700,000 Express Scripts members notified of extortion demands (update 2)
As previously reported here Express Scripts recently updated their breach report on the incident from 2008 involving an extortion demand. Now Dina Wisenberg Brin of Dow Jones Newswires provides some additional details, including the statistic that Express Scripts has now sent out approximately 700,000 individual notification letters, total. The company has not revealed how many of the 700,000 notifications are due to its recently becoming aware that even more data had been acquired than they had realized.
Express Scripts spokeswoman Maria Palumbo told Dow Jones Newswires that the person who illegally obtained member records recently sent a data file to a law firm, which forwarded it to the FBI. Palumbo wouldn’t identify the law firm, other than to say it was one that had filed a lawsuit against the company.
As it has in the past, Express Scripts made a statement that it is “unaware at this time of any actual misuse of members’ information, but we understand the concern that this situation has caused our members.”
That statement strikes me as somewhat preposterous because the company is already aware of actual misuse of the information — the extortion demand itself represents actual misuse of the information, in my opinion.

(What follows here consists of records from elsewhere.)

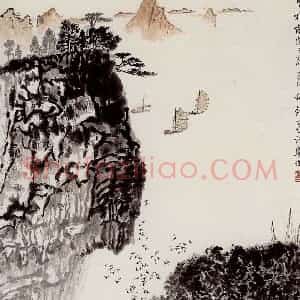 钱松岩《南海之滨》国画山水作品图片赏析
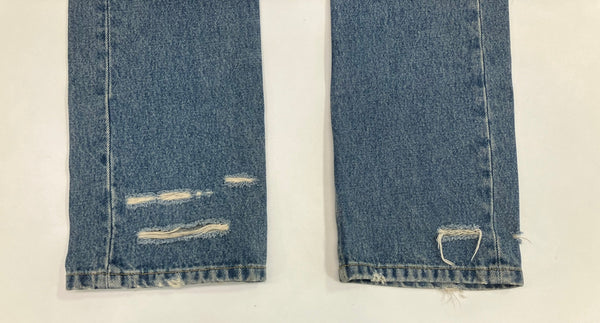 バレンシアガ BALENCIAGA ストレートレッグ ダメージジーンズ 486225 TSB06 デニム ブルー 28 101MB-735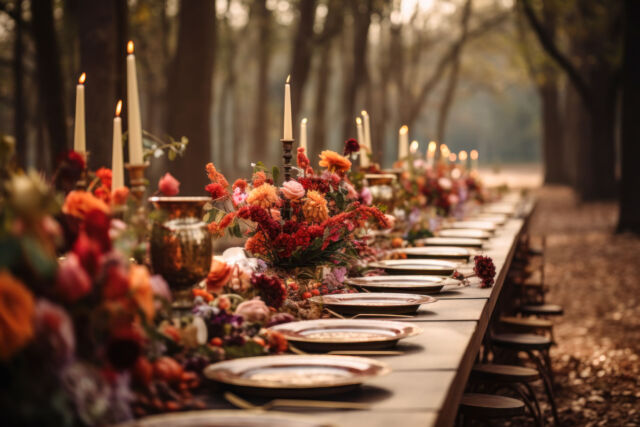 Autumn outdoor long banquet table setting in the woods with candles and flowers, fall harvest season, rustic, fete party, outside dining tablescape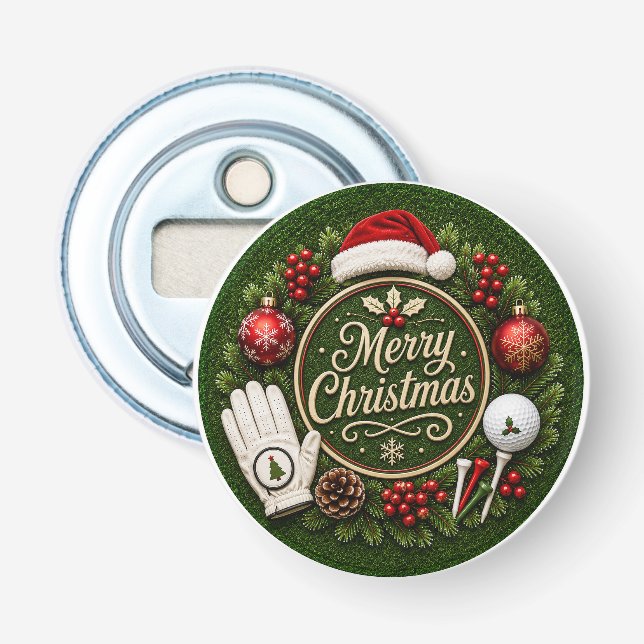 Golf-Weihnachtsaufkleber Flaschenöffner (Vorderseite)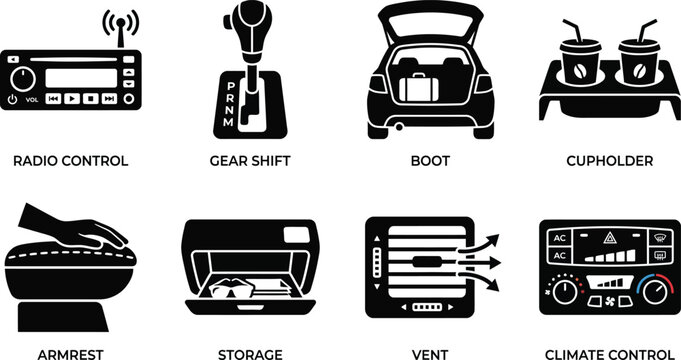 Car Interior Features Icons Radio Gear Shift Cupholder Climate Control Vector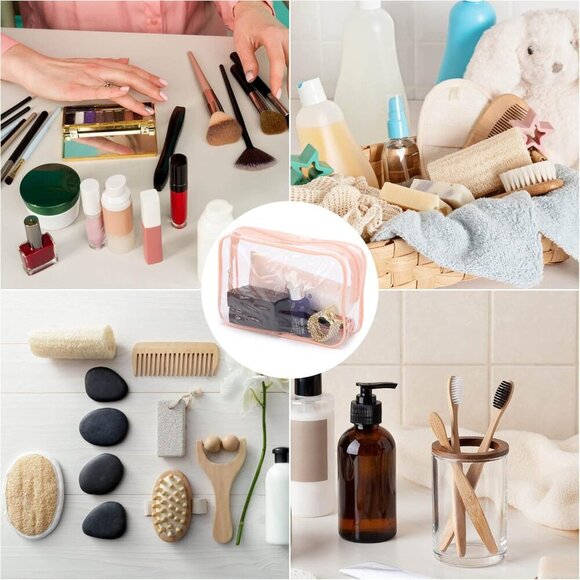 10 Pack Clear Cosmetic Bags Makeup Bags Portable Waterproof TSA Approved Travel - Picture 6 of 7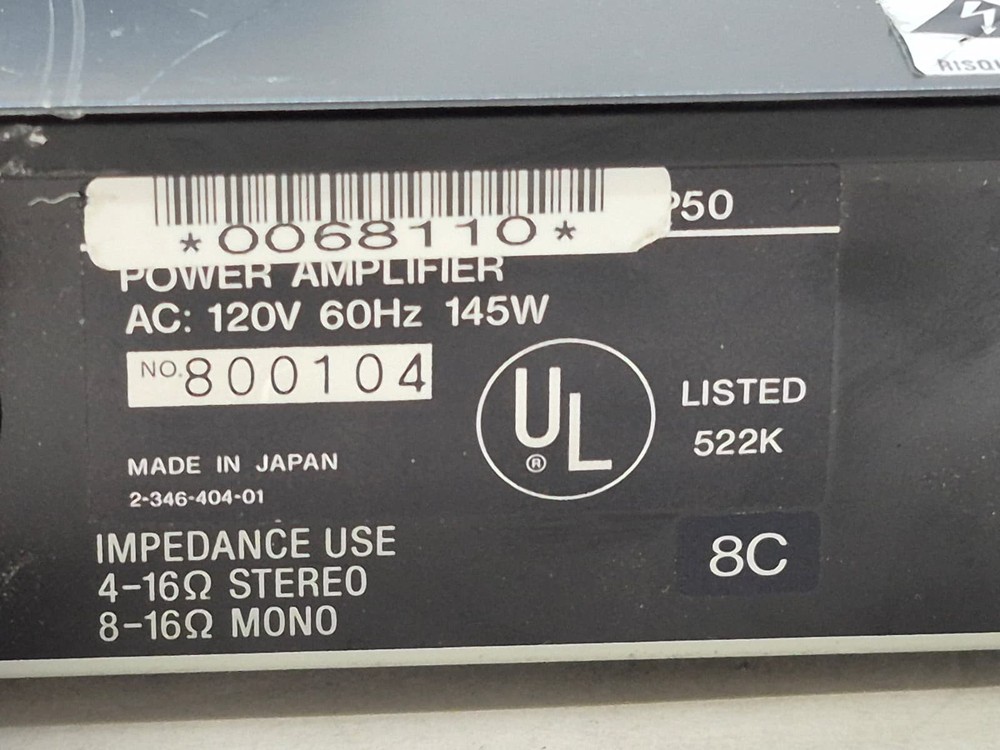 SONY SRP-P50 POWER AMPLIFIER - Missing Volume Knob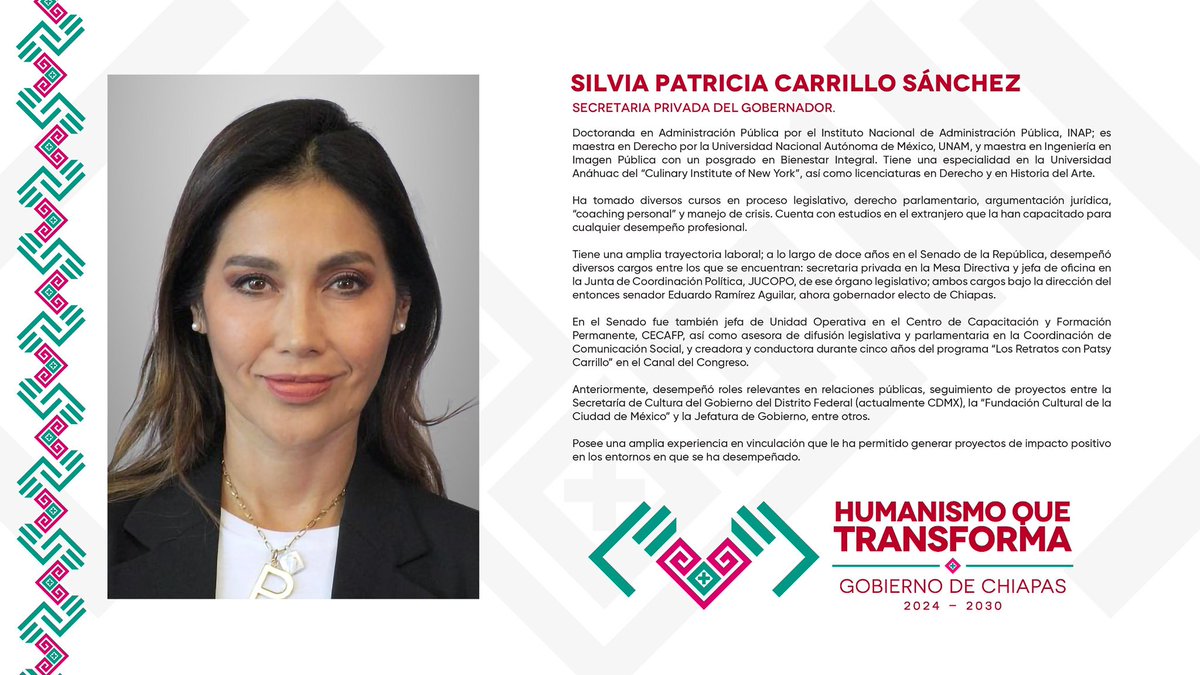 GabyJimenezMX's tweet image. Quiero felicitar a mi gran amiga @Patsy_Carrillo por su nombramiento como Secretaria Privada del Gobernador electo de Chiapas, una mujer excepcional, muy comprometida, dedicada, profesional; se que con su liderazgo hará un extraordinario trabajo en la nueva ERA de Chiapas!!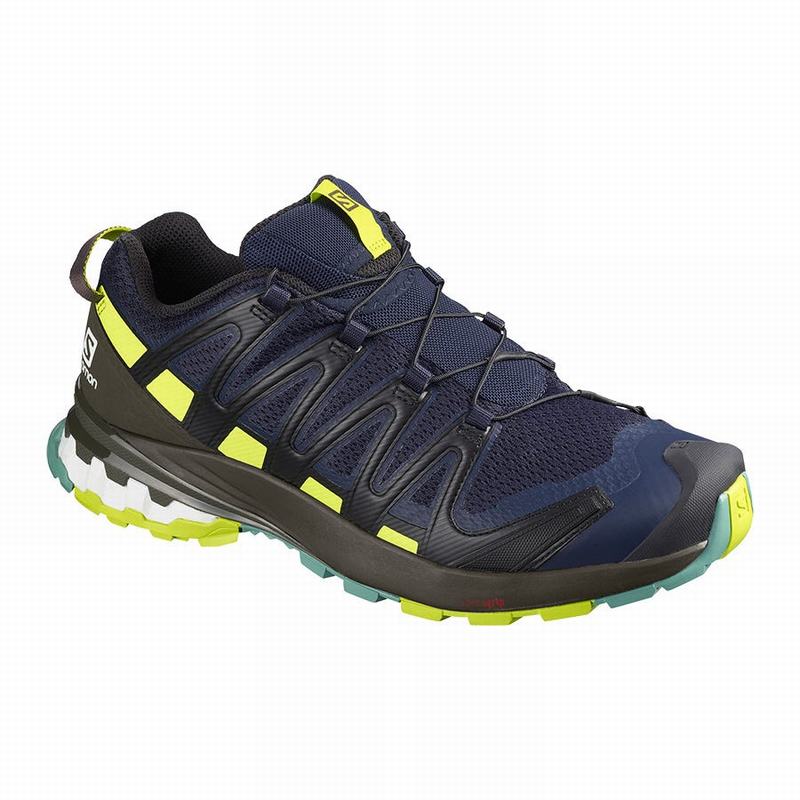 Men\'s Salomon XA PRO 3D V8 Hiking Shoes Navy / Light Green | XWKGSQ-762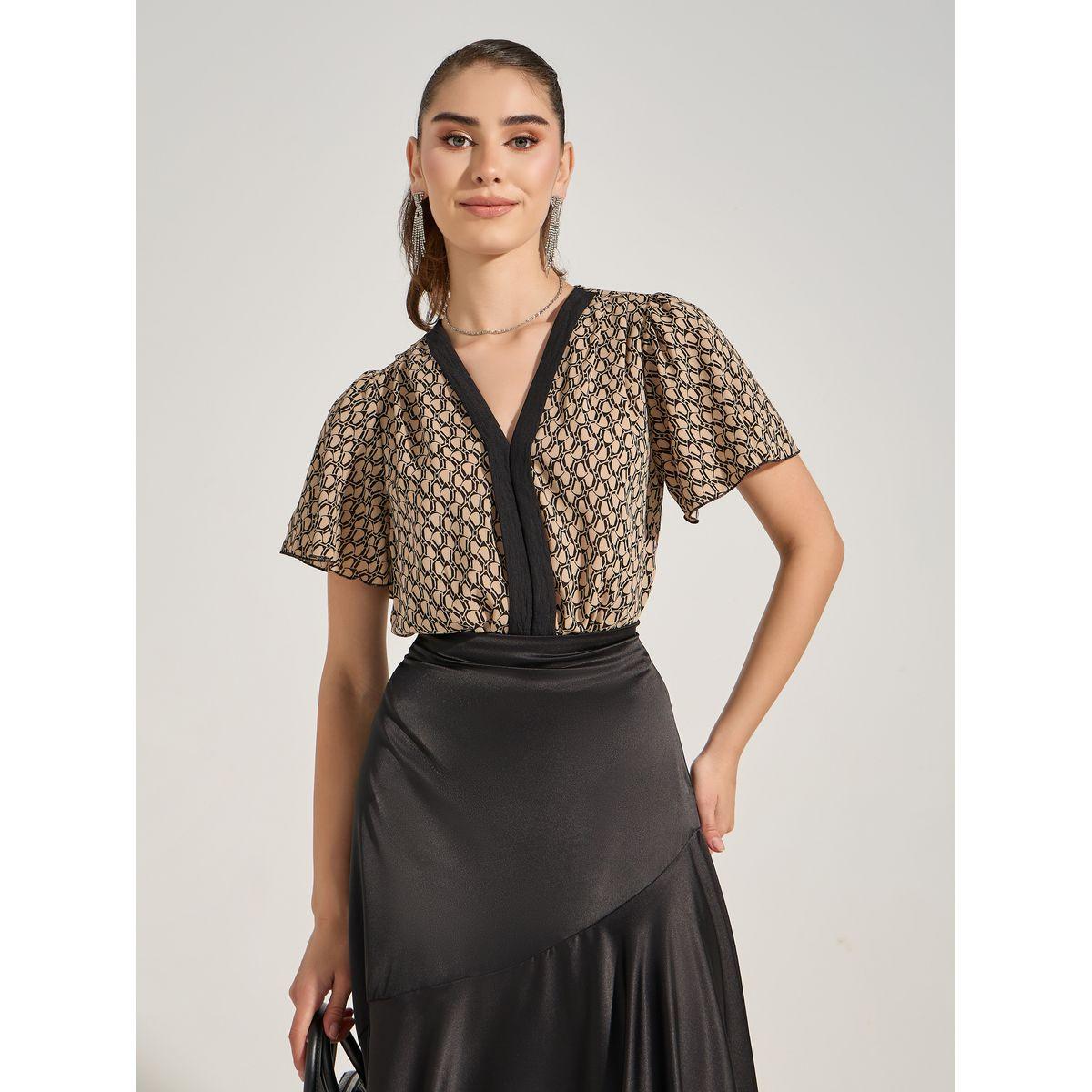 بودي سوت بطبعة هندسية مع اكمام بكشكش-women-clothing-tshirts-image-3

This report was crossposted from PHIprivacy.net
Update: Robert McMillan of IDG News Service also reports on the latest developments in this breach, and notes that:
In May, Washington, D.C., law firm Finkelstein Thompson brought a class-action suit against Express Scripts on behalf of members whose data was stolen. Attorneys at the firm did not return messages seeking comment for this story.
The report also includes statements I made to the reporter about this breach.
Update 2: Dina Wisenberg Brin has updated her story to include a few more details. Express Scripts indicates that most of the 700,000 notifications are due to the recently revealed data as only a few hundred members were notified last year. Additionally, the company notes that the data appear to be consistent with how their data looked in 2006.